É geralmente aceite que o realismo indirecto nos ameaça com o cepticismo acerca do mundo externo. Se tudo aquilo de que podemos ter consciência consiste apenas nas nossas próprias representações perceptivas, parece que nunca podemos dispor de razões para acreditar que existe um mundo de objectos físicos para além dessas representações. A perspectiva do realismo indirecto, dizem os seus críticos, isola-nos da realidade externa impedindo-nos aparentemente de com ela ter contacto. Essa perspectiva abre uma porta para o cepticismo, porta essa que nunca mais consegue fechar. Isto fornece uma boa razão para se tentar encontrar uma análise alternativa da percepção que não tenha estas implicações cépticas.
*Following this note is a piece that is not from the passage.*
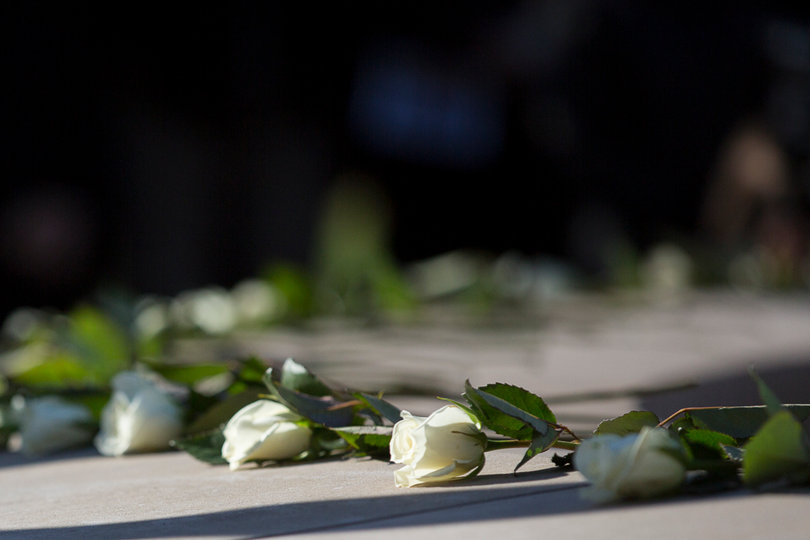 Scholars placed white roses on the Remembrance Wall to honor the lives that were lost.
Mas pode ser que não haja uma análise alternativa. Pois, (…) é simplesmente falso implicar que a ameaça do cepticismo provém apenas do realismo indirecto. O que levanta o problema céptico é o facto de ser logicamente possível que as nossas experiências possam ser como são agora, como quando supomos que estamos a ler um livro, e, no entanto, não estarmos de todo realmente a fazê-lo, mas apenas a dormir, a alucinar ou a ser enganado por um espírito malevolo ou por cientistas loucos. E este facto mantém-se, independentemente de se saber qual é verdadeiro ou falso, se o realismo indirecto ou o realismo directo. Seja a nossa tomada de consciência dos objectos físicos tão directa quanto se queira: mantém-se aberta a questão de se saber se num determinado caso em que pensamos ter uma percepção verídica estamos realmente a tê-la ou se há justificação para pensar que assim é. (…) Portanto, a insinuação de que o realismo indirecto tem de ser rejeitado porque isso nos levaria ao problema céptico parece não nos levar longe. O problema do cepticismo permanece connosco, seja qual for a posição que tomemos. Não coloca mais problemas ao realista indirecto do que a qualquer outro.
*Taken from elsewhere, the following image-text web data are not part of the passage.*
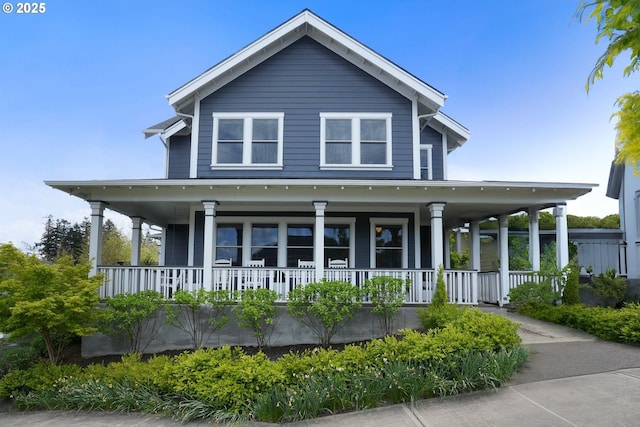 country-style home with covered porch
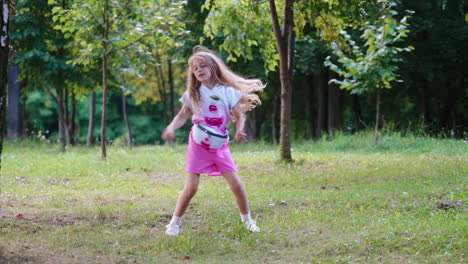 happy girl in pink shorts dancing in the park. full length portrait of a girl jumping on the natural green scenery in summer. slow motion.
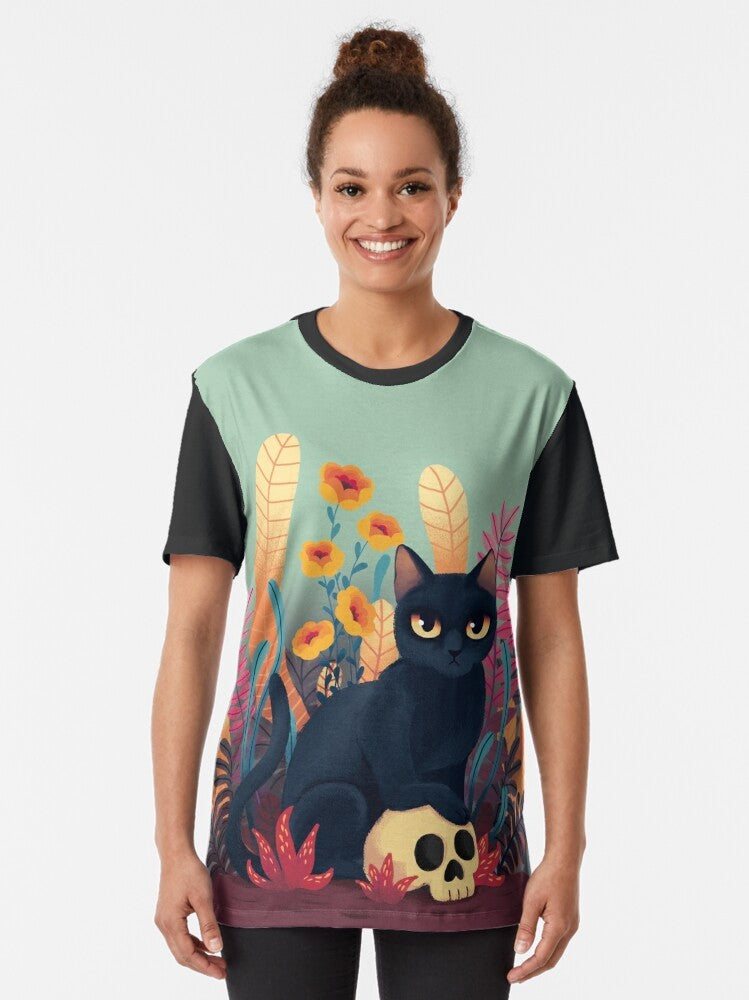 Cartoon image of a black cat with a skull and flowers on a graphic t-shirt design - Women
Na verdade, pode até argumentar-se que, no que toca ao cepticismo, uma vantagem do realismo indirecto relativamente ao realismo directo é a de melhor explicar a razão de existir um problema céptico. Se nunca estamos directamente conscientes de mais nada senão das nossas próprias representações perceptivas, é perfeitamente compreensível que devem existir ocasiões em que nós pensamos que há objectos externos que correspondem a essas representações quando não as há.
Edward Feser, Philosophy of mind. A beginner’s guide. (Oxford, 2006). Trad. Carlos Marques.